** Opening Exercise data block **

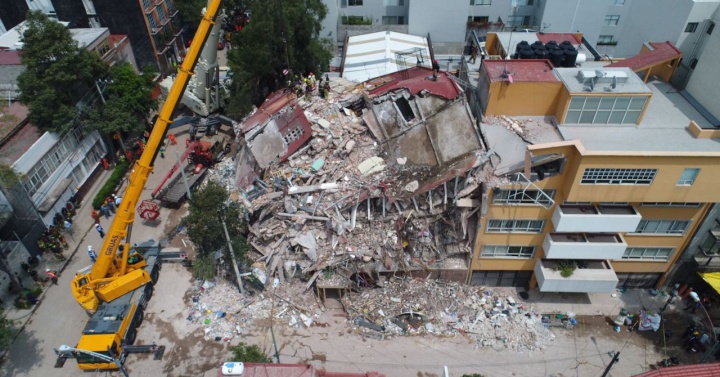 Viajante revela foto de 'dinossauro roxo' clicada em aventura temporal -  Fotos - R7 Hora 7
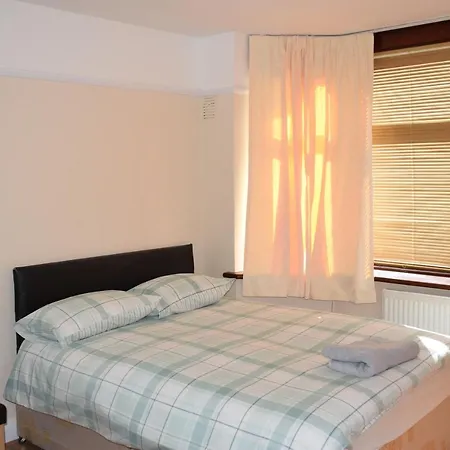 Sandhurst Apartment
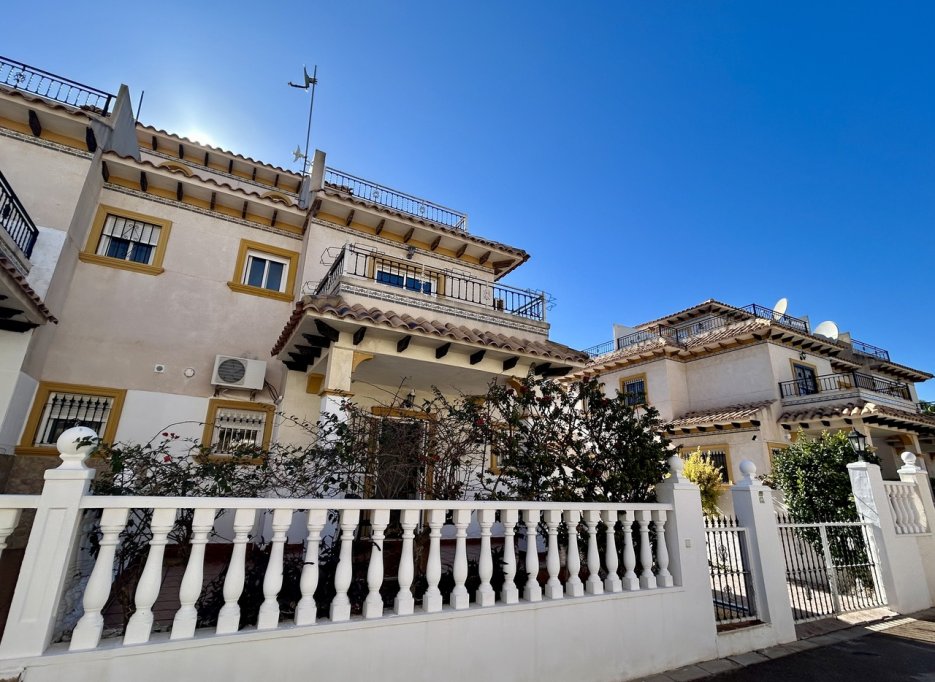 Herverkoop - Herenhuis - Cabo Roig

** Closing Exercise data block **

→ What you are asked to do
Starting with the line that holds "Sandhurst Apartment", retype each line through the last one in the listing above, exactly as written. Do not copy any pictures.

→ Output for this task
 Sandhurst Apartment
 Herverkoop - Herenhuis - Cabo Roig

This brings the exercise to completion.